[Short text fragments from websites]
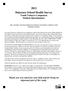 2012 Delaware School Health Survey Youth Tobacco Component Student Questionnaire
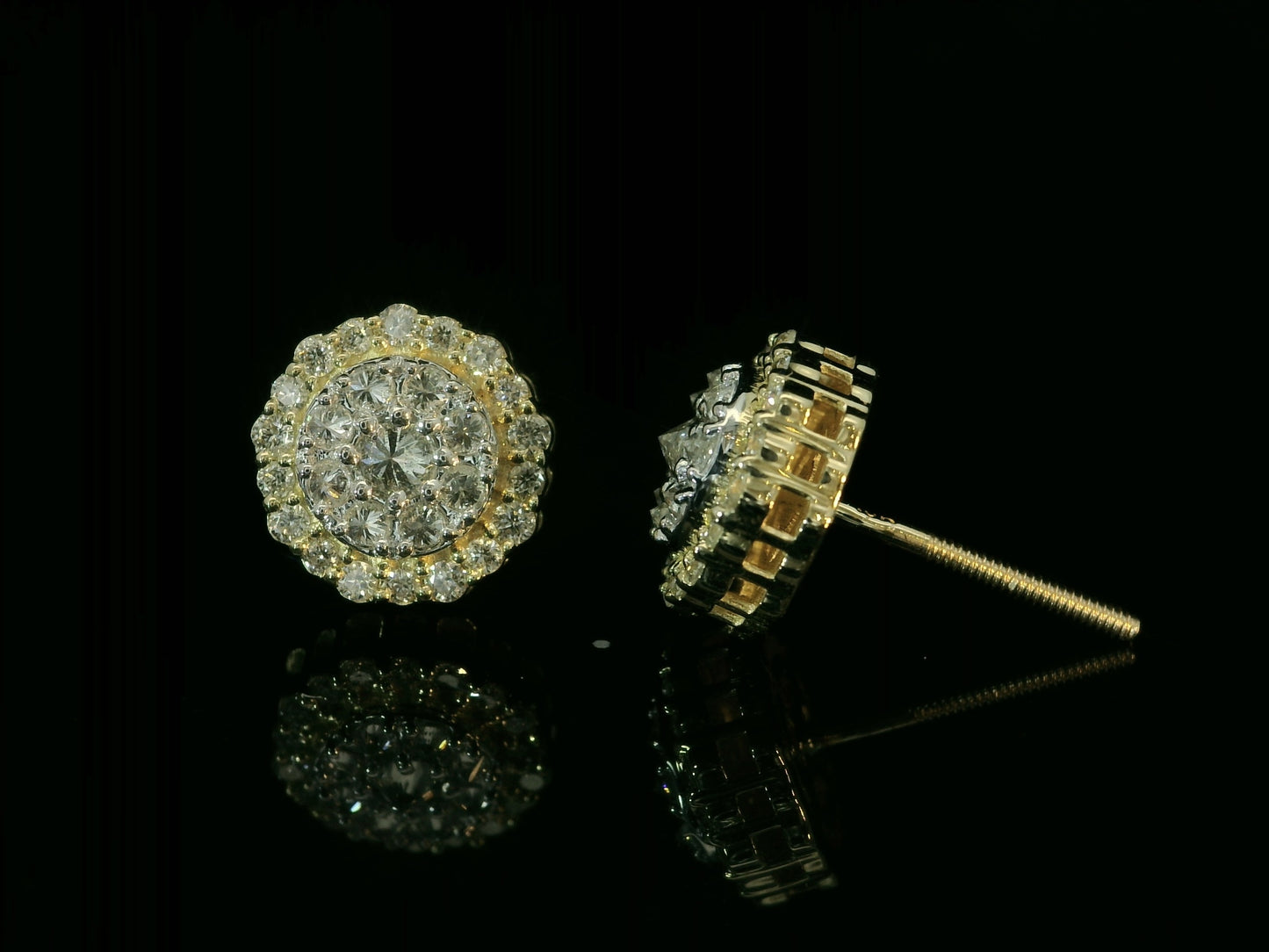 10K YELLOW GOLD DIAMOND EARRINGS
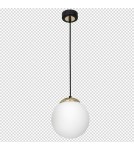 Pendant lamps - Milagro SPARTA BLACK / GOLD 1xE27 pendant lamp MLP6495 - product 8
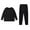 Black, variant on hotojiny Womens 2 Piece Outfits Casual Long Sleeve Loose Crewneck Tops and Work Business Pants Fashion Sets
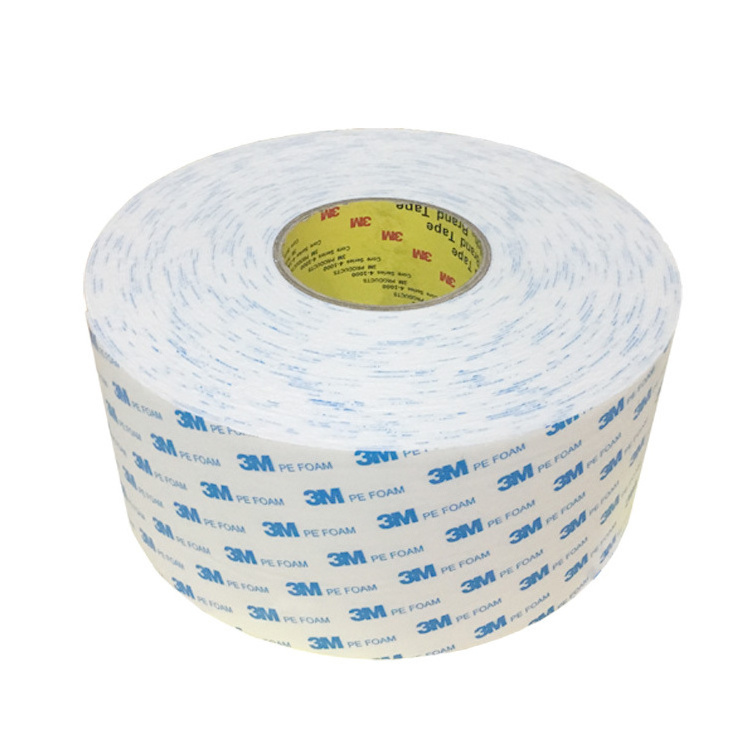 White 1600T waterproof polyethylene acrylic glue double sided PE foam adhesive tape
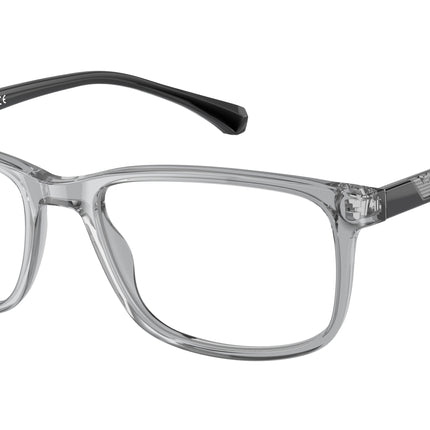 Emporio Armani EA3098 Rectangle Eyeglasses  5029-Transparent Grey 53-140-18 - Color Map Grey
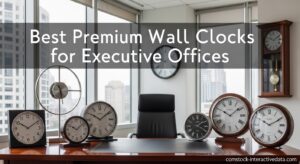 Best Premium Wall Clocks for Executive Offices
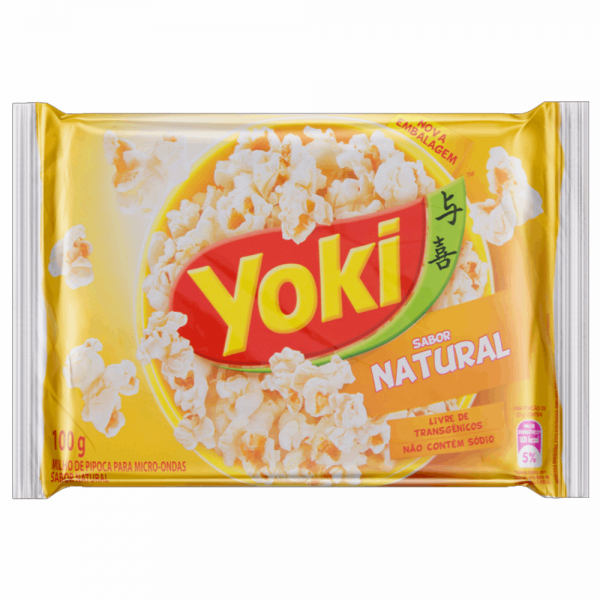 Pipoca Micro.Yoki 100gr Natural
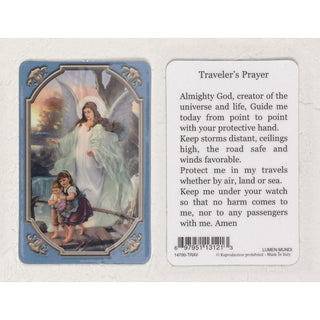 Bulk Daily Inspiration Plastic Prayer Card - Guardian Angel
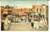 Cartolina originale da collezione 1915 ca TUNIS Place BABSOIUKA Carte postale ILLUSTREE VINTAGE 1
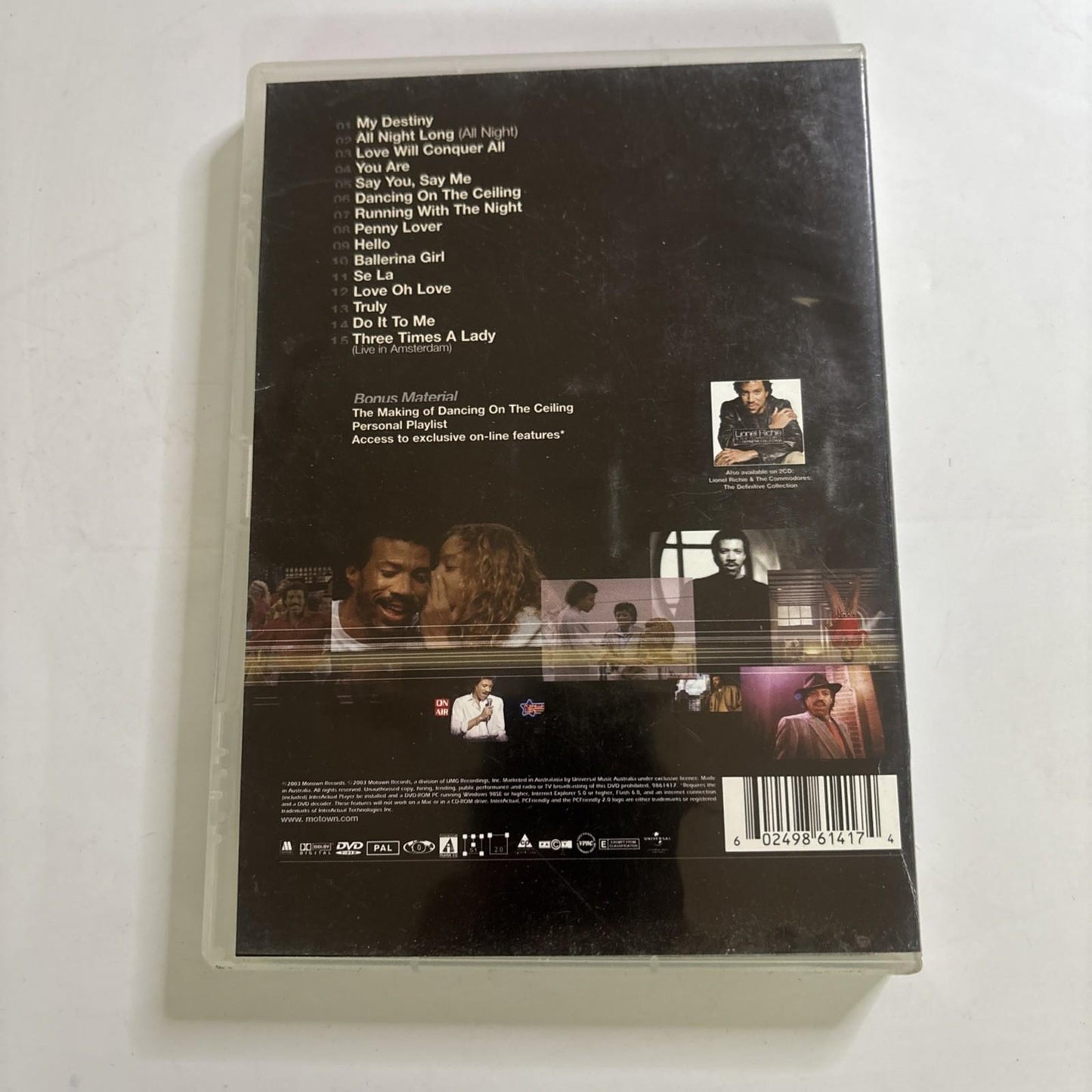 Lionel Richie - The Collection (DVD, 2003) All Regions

**Activity**
Leaving out the pictures, please transcribe exactly the lines from the one that holds "Emporio Armani EA3098" through the last line of the entries above, both included.

**Completed exercise**
 Emporio Armani EA3098 Rectangle Eyeglasses  5029-Transparent Grey 53-140-18 - Color Map Grey
 Best Premium Wall Clocks for Executive Offices
 Pipoca Micro.Yoki 100gr Natural
 Bulk Daily Inspiration Plastic Prayer Card - Guardian Angel
 Cartolina originale da collezione 1915 ca TUNIS Place BABSOIUKA Carte postale ILLUSTREE VINTAGE 1
 Lionel Richie - The Collection (DVD, 2003) All Regions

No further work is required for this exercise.